PLAN — Cloudflare network port + docs lift-up
Status: Completed (work shipped piecemeal across PRs #169–#172)
Close-out retrospective (2026-05-15)
The plan was never executed as a single unified "execute" PR — the deliverables landed across PRs #169–#172 instead. State of each phase:
| Phase | State | Evidence |
|---|---|---|
1 — cmd_network_* family | ✓ Done | provision-host/uis/manage/uis-cli.sh has cmd_network dispatcher with init/list/up/status/down/verify/expose/unexpose. |
| 2 — Remove cloudflare-tunnel from services.json | ✓ Done | website/src/data/services.json no longer lists cloudflare-tunnel. |
| 3 — Small Cloudflare bugs from survey | ✓ Done | Bugs surfaced during the port shipped alongside Phase 1. |
4 — Verification on rancher-desktop / *.skryter.no | ✓ Done | Verified end-to-end against the *.skryter.no tunnel during the port-PR rounds. |
| 5 — Docs lift-up | ✓ Done | networking/cloudflare.md + cloudflare-setup.md rewritten on uis network flow; legacy uis deploy cloudflare-tunnel / uis cloudflare verify/teardown refs swept in PR #185. |
| 6 — Tester verification round | ✓ Done | Covered alongside the port-PRs; closed end-to-end on *.skryter.no. |
| 7 — Tailscale follow-up plan stub | ✓ Done | Tailscale work shipped via PLAN-002 + PLAN-003 (both completed). |
Spec: INVESTIGATE-network-cloudflare-in-cluster-restructure.md — Q1-Q10 locked in.
Goal: Port Cloudflare networking from the current ad-hoc shape (uis deploy cloudflare-tunnel + uis cloudflare verify/teardown + manual setup-guide-driven dashboard work) to a first-class uis network <verb> cloudflare command family symmetric with uis platform <verb> <provider>. Lift Networking in the sidebar + docs.

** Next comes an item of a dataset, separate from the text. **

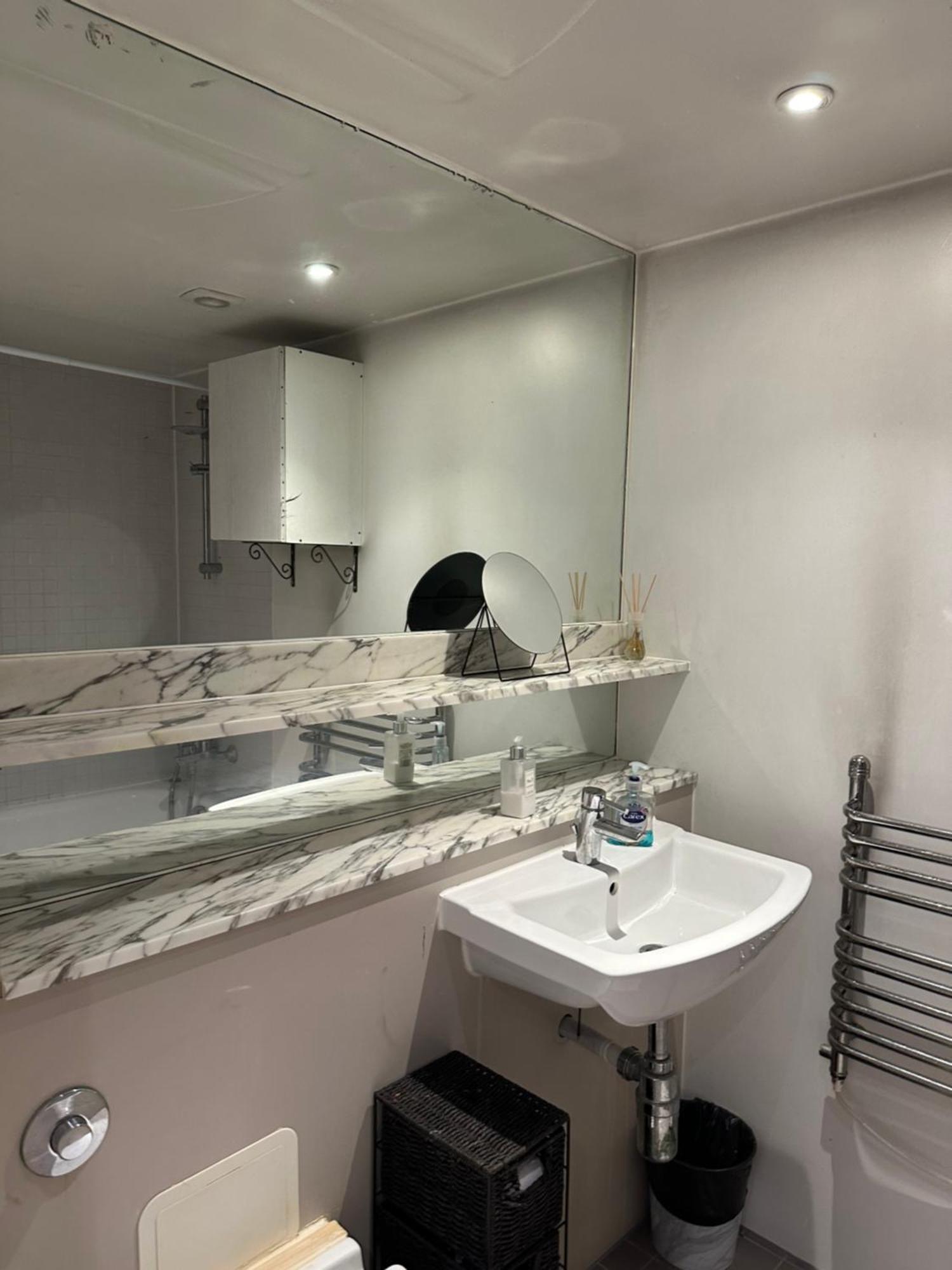 1br-4guests-pool-gym-parking-neargreenwich London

Tailscale wholesale deferred to a future plan.
Verification target: rancher-desktop with the real *.skryter.no Cloudflare tunnel. €0, local. Rancher-desktop is the only target this round.
Out of scope:
- Tailscale anything. Operator collision (802/805), secret-naming mess, CLI port for tailscale — all deferred to
INVESTIGATE-tailscale-architecture-cleanup.md(future). For this round, leaveuis tailscale expose/unexpose/verify+tailscale-tunnelin services.json untouched. - Other platforms. The goal is "cloudflared running on rancher-desktop with the real domain". Verification on any other platform (AKS, etc.) is not in this round; it's not even a coming-next step. Don't reference it in the docs.
- New Cloudflare features (DNS-as-code via API token, multi-tunnel, etc.). Just port what exists today.
Phases
Phase 1 — cmd_network_* family in uis-cli.sh
Mirror cmd_platform_* shape. New subcommands routed under uis network <verb> <provider>.

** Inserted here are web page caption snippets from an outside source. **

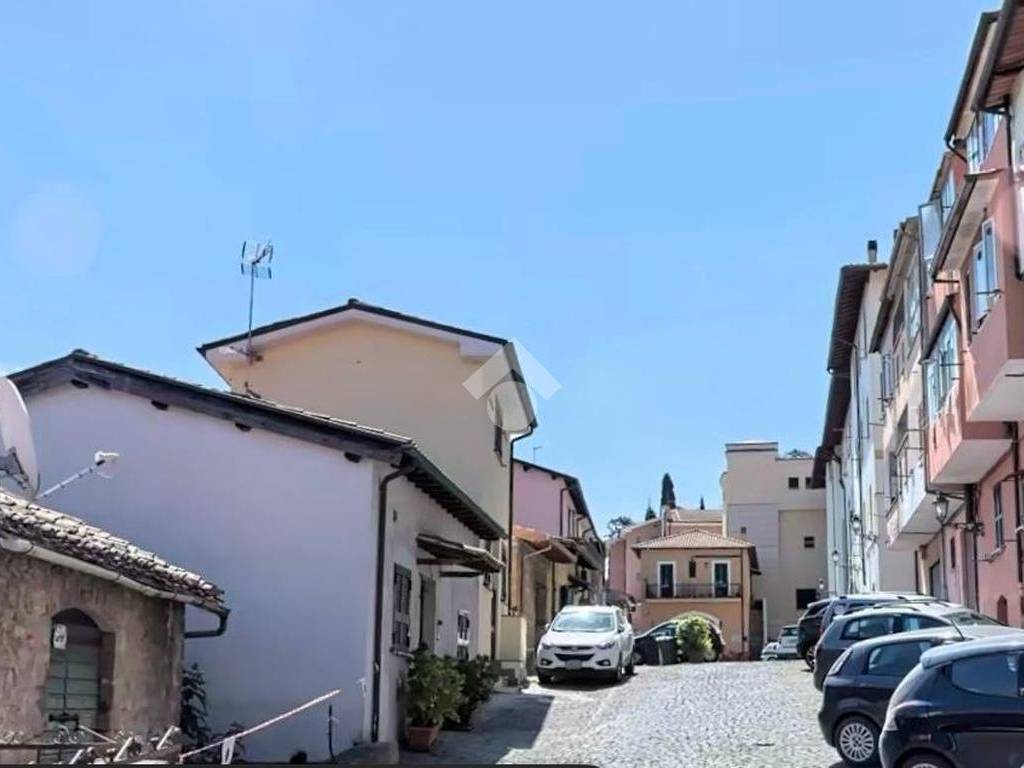 appartamento in vendita a Gallicano nel Lazio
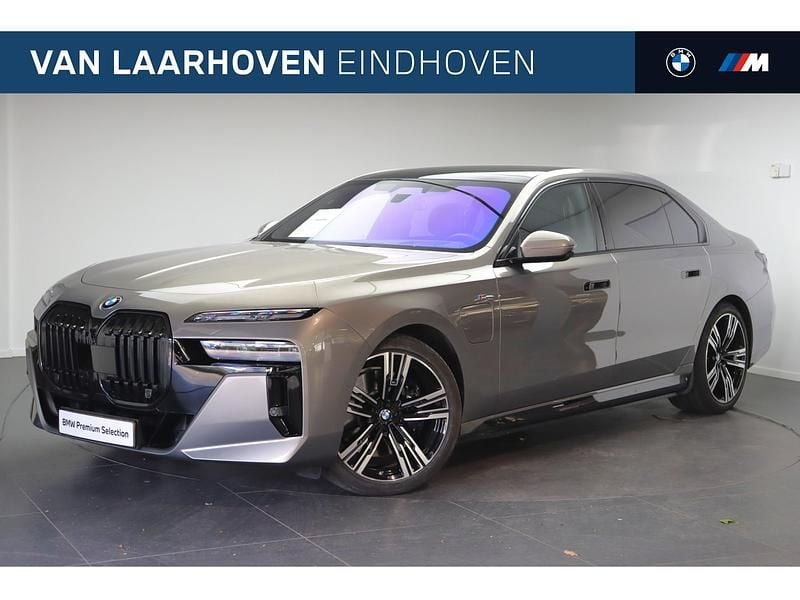 Grijs Gebruikt 2023 BMW 750e Executive Sedan | € 99.950 (Goede deal) - Afbeelding 1/4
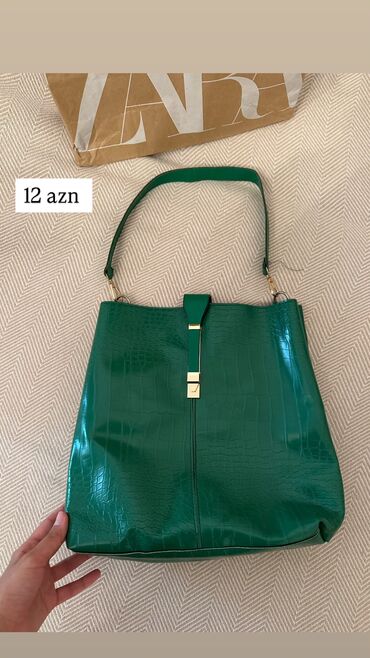 Çantalar: Əl çantası, Bershka, Yeni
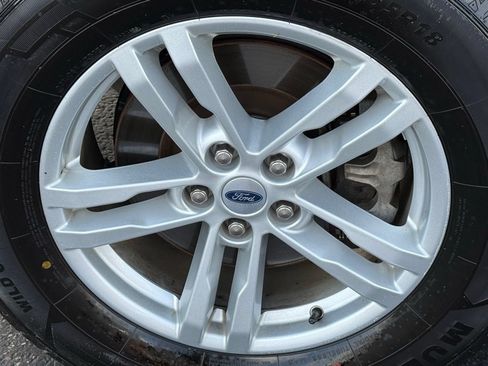 Used 2023 Ford Explorer XLT w/ Equipment Group 202A AWD/4WD image 11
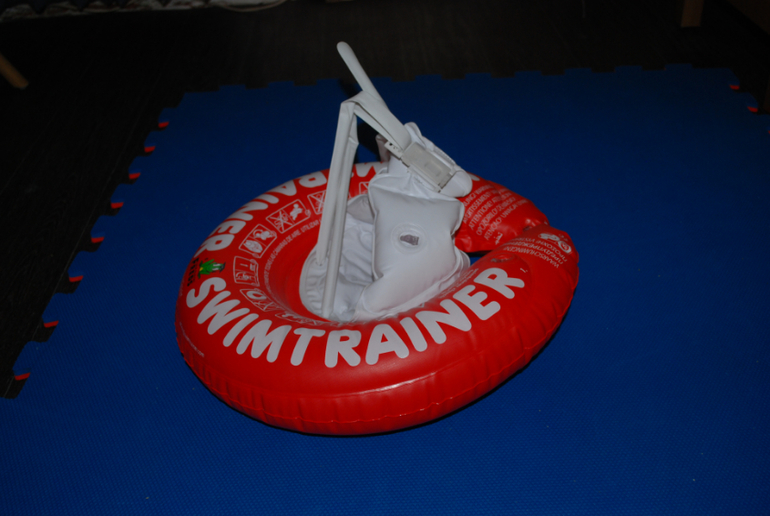 Продам надувной круг  SWIMTRAINER красный - 600 р.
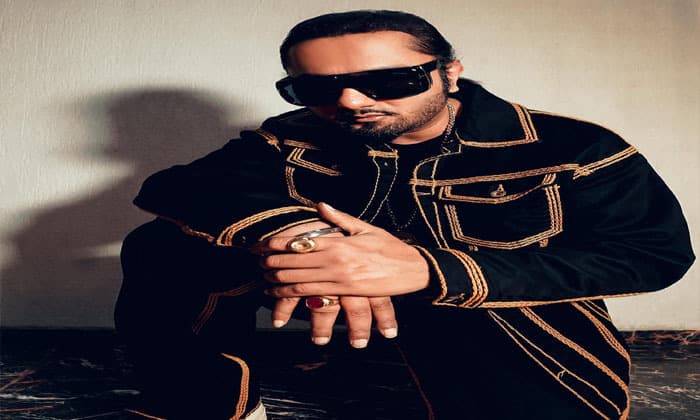 yo-yo-honey-singh-sparks-outrage-with-controversial-stage-remarks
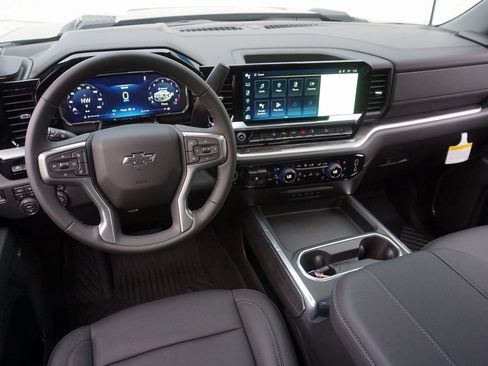 New 2026 Chevrolet Silverado 2500 LTZ w/ Trail Boss Package image 13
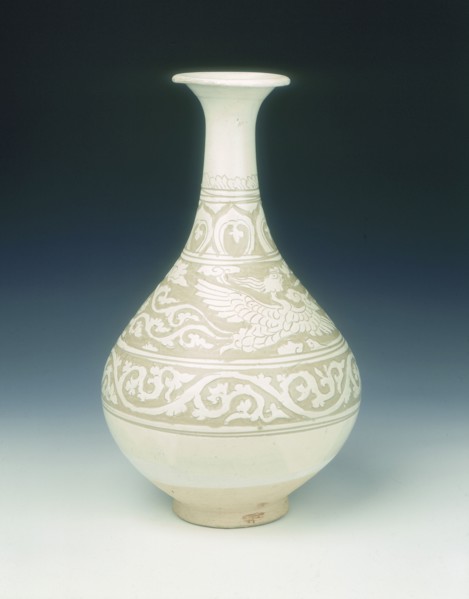 Cizhou type sgraffito yuhuchun vase, early Yuan dynasty, China, late 13th-early 14th century. Artist: Unknown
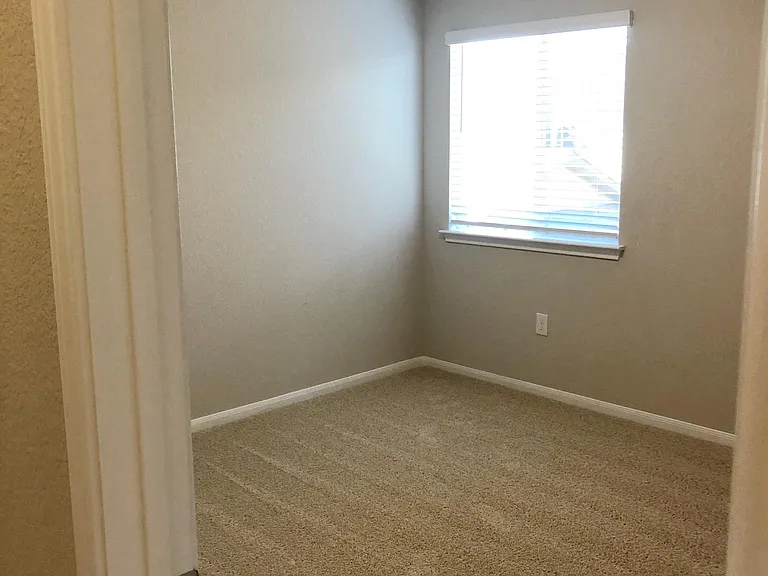 10502 Fulton Ave — Photo 16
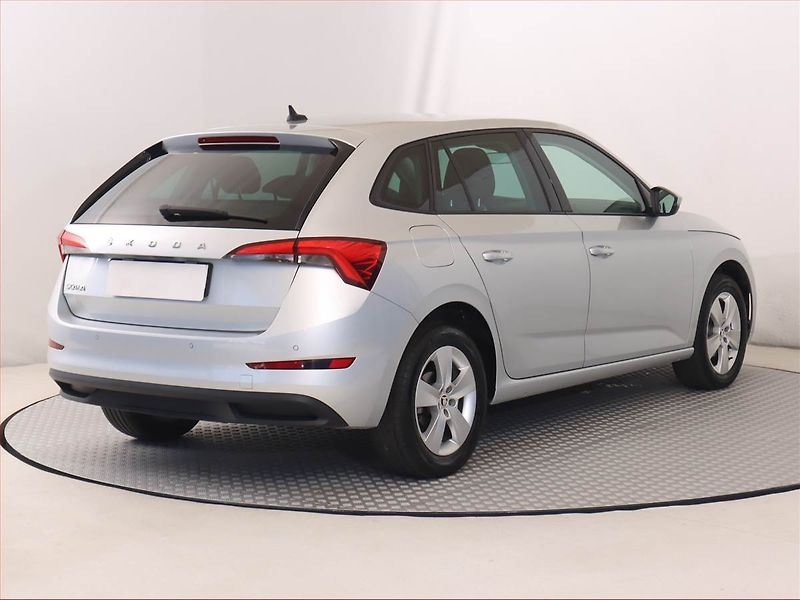 Škoda Scala (2021) Ambition 1.0 TSI, Automat - fotka 5 z 21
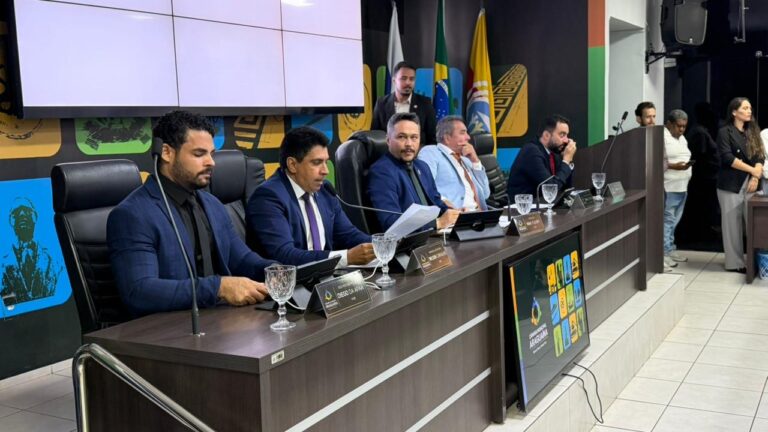 max-fleury-e-reeleito-presidente-da-camara-municipal-de-araguaina-para-o-bienio-2027-2028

- 1.1 Add the dispatch + help block. Subcommands:
list / init / up / status / down / verify. Provider arg:cloudflare(only registered provider for now;tailscalewill join later via the cleanup plan). - 1.2
cmd_network_list— show all providers UIS knows about + their state. Row format mirrorsuis platform list:PROVIDER STATUS
cloudflare <icon> <state> (<hint>)
tailscale · port pending (use './uis tailscale expose/unexpose/verify' for now)- Cloudflare row — real state from a new
networking/cloudflare/scripts/status.sh --summary(same shape as the per-platformstatus.sh --summaryinplatforms/azure-aks/scripts/). Four states:· not initialized—.uis.secrets/service-keys/cloudflare.envmissing· configured, not running— env present but no Deployment in the cluster✓ running— Deployment present + pod Ready + tunnel logs show "Connection registered"✗ unreachable— Deployment present but pod not Ready, or no recent successful connection
- Tailscale row — fixed placeholder string (no real probe this round). Keeps Tailscale visible in the new hub without pretending it's been ported.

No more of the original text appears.